Im starting an african tank and I want to make sure I dont have it covering all my nice rock..

its a 55g with a single aqualight over it


----------



## sarahbobarah (May 20, 2005)

:icon_bigg Sweet! I luuuurve african cichlids. I've never had a problem with algae as long as I've kept one or two dwarf plecos. - Also, I was conservative with my photoperiod.


----------



## Oqsy (Jul 3, 2004)

most african cichlids are from pretty deep water, so for starters, lighting should be relatively subdued (this of course depends on species, but shallower species won't be hurt by dimmed lighting, and brighter lighting will only grow algae).
i have a 48" 55gallon aquarium with african mbuna, and i only use 2 x 18" 15w T8 bulbs for lighting. Both are 18000K bulbs and have a purplish-blue glow that i find really looks great with the colors of ARLCs. The most important thing to limit algae growth in a tank like this is photoperiod. My planted tanks are lit for up to 10-11hrs a day.

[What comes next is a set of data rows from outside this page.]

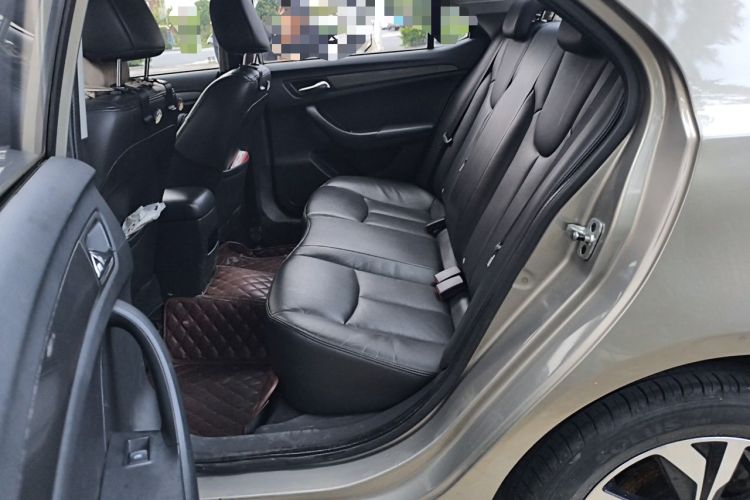 Used Roewe 360 2015 1.5L Automatic Luxury Edition Left Rear Seat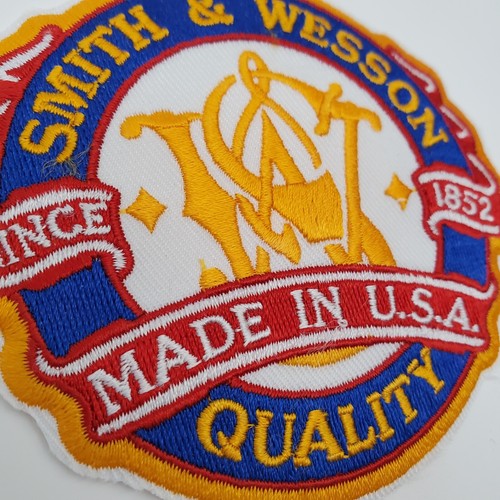 Lot: Vintage Smith & Wesson S&W 2-Patches and 1-Window Sticker Badge/Circle Logo - Picture 3 of 14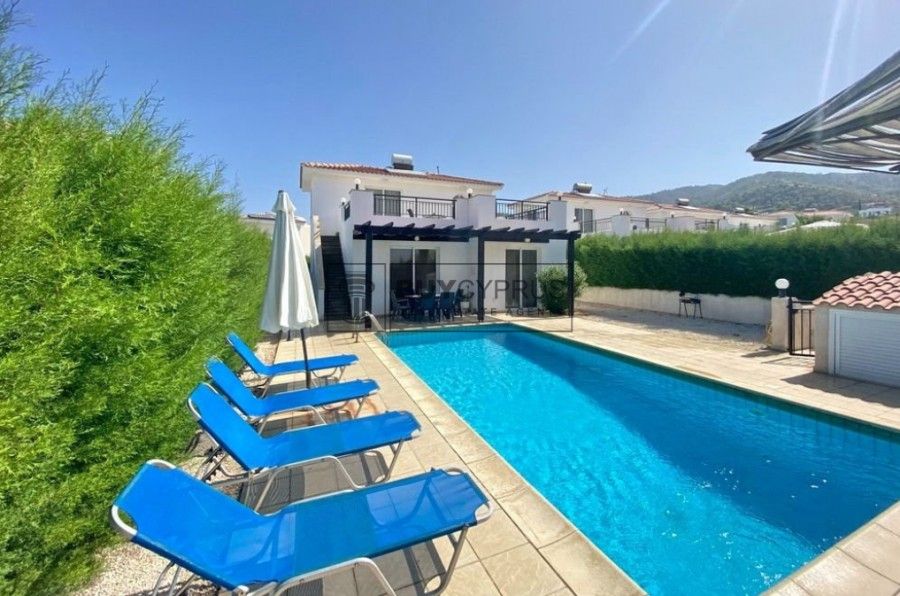 Property photo 2 of 23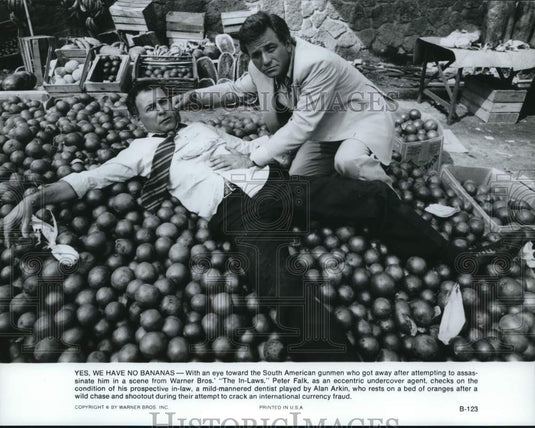 Press Photo Peter Falk and Alan Arkin in a scene from "The In-Laws." - lrp37879- Historic Images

My ARLC tank is only lit for about 7, and with much much less lighting per gallon than either of my planted tanks. unfortunately, even with these measures you'll probably get some algae... it's just what happens when you put fish food, fish poop, water, algae spores, and light into a closed space together. the good news is that if you keep the lighting low, eventually it will go away. it won't seem like it... but do your water changes, feed appropriately, and after a few weeks or sometimes a few months, it will finally go away. one other note is that if you wish to prevent it ever taking hold in the tank at all, there is the option of a UV sterilizer. I've never used one and I'm not familiar with which brands to recommend, but plenty of folks on this site should be able to help with that. Best of luck!

Oqsy


----------



## Pearljam11 (Sep 23, 2004)

I have a 130 watt aqualight , and I really dont wanna spend anything else on lights, and I hate to waste this one =P - The main reason I light it is the fact that I can leave the tank open with it
So I think Im left to other options 

would a phosphate absorber help at all?

anyone with experience with UV , your help would be appreciated


----------